TotalEnergies en proie à plusieurs poursuites juridiques simultanées
Après sa plainte en 2024 contre TotalEnergies pour son impact dévastateur sur le climat, l’agriculteur wallon Hugues Falys obtient une confirmation par le Tribunal de Tournai de la recevabilité de son recours. Avec le soutien de 3 ONG belges, « The Farmer Case » a donc des chances de déboucher vers une sanction historique contre le 4ème producteur d’énergie fossile du monde.
C’est à la suite de pertes agricoles considérables entre 2016 et 2024 que Hugues Falys accompagné de FIAN, Greenpeace Belgique et la Ligue des droits humains ont intenté une poursuite en justice contre le géant des hydrocarbures.
Dans une perspective principalement écologiste, les requérants demandent simplement 1 euro symbolique de dédommagement mais surtout un plan de transition de la part de Total incluant l‘arrêt de tout nouveau projet d’exploration ou d’exploitation, mais aussi une réduction de 47% de sa production d’hydrocarbures d’ici 2030 et de 75% d’ici 2040. En somme, de quoi faire correspondre le mix énergétique produit de l’entreprise à l’objectif de neutralité carbone d’ici 2050 qu’elle avait trompeusement affiché sur place publique et qui lui a vallu une sanction juridique en 2025.
Malgré la recevabilité du dossier, nous devrons patienter jusqu’au 9 septembre avant que les débats ne repartent et que le Tribunal de Tournai, chargé de statuer sur l’affaire, ne commence son jugement sur le fond. En effet, les juges ont décidé d’attendre la résolution d’une affaire similaire portée en France par la Ville de Paris et d’autres ONG à l’encontre de Total.

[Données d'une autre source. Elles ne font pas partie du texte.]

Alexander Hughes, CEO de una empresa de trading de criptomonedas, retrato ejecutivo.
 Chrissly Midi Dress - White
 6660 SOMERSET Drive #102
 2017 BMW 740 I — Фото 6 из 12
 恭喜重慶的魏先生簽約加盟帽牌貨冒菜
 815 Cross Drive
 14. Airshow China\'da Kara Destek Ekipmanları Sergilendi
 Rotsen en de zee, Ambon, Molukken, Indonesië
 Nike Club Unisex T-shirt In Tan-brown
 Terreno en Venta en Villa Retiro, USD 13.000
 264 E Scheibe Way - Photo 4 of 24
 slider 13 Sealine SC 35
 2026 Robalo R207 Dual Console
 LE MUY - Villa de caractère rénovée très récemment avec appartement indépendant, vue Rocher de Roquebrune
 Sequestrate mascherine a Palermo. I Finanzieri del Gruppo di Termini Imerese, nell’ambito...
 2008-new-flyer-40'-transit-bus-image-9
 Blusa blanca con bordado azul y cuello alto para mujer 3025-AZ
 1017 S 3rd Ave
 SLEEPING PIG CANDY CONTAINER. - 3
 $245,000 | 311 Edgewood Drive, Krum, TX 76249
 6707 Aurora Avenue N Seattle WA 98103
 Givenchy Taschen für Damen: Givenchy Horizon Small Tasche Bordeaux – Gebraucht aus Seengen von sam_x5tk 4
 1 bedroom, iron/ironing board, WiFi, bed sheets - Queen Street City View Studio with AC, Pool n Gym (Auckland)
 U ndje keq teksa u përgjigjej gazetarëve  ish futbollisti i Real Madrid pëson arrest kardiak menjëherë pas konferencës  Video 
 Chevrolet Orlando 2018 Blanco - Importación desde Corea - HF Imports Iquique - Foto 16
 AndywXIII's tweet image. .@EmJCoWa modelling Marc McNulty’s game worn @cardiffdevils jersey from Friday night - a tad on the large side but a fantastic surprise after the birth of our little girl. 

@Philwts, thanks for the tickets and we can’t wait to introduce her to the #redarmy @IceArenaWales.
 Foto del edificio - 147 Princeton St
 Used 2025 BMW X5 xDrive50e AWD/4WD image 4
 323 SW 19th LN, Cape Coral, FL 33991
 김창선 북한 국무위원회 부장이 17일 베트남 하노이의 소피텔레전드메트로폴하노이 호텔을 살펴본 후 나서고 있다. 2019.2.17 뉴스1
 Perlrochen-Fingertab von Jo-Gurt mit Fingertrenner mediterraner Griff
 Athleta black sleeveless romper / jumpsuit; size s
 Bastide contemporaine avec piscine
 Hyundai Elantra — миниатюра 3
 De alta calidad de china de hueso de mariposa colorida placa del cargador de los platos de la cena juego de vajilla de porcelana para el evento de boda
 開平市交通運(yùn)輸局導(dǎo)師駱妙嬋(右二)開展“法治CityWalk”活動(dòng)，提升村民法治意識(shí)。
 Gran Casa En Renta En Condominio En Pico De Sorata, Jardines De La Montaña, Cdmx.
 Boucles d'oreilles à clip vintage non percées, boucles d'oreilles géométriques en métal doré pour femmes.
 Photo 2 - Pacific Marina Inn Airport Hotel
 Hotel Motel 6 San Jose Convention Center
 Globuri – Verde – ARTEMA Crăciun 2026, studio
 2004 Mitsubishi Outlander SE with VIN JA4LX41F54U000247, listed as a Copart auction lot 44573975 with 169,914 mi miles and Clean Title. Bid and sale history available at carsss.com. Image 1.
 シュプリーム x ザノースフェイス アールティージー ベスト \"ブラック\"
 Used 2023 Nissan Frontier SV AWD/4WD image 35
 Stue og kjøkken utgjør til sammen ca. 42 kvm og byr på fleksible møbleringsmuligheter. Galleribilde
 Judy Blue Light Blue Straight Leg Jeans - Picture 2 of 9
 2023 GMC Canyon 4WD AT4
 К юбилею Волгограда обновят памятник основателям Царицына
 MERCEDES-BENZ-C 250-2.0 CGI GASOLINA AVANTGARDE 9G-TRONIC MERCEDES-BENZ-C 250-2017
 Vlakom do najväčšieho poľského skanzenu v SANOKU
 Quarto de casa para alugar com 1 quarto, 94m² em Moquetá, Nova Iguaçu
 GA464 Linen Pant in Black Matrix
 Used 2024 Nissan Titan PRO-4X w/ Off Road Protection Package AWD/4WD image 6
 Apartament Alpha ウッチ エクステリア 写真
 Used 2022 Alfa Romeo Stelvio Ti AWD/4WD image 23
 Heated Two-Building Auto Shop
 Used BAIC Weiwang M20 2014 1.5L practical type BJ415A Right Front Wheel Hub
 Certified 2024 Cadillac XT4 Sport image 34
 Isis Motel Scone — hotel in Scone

Le fond de l’affaire française concerne le non respect d’une loi de 2017 instaurant un devoir de vigilance aux multinationales. Total aurait omis d’inclure dans son plan de vigilance les potentiels risques climatiques induits par ses multiples activités. Au vu de la similarité des deux affaires, les juges belges ont ainsi préféré attendre la résolution de l’affaire française, prévue au 25 juin 2025 avant de statuer sur le fond du Farmer Case.
Saluée comme un « signal d’espoir » par l’avocate du requérant, Marie Doutrepont, cette décision ouvre la voie à un procès historique contre une entreprise dont l’empreinte carbone équivaut au quart de l’ensemble de ce qui est émis sur le territoire français (selon les propres chiffres de l’entrerpise).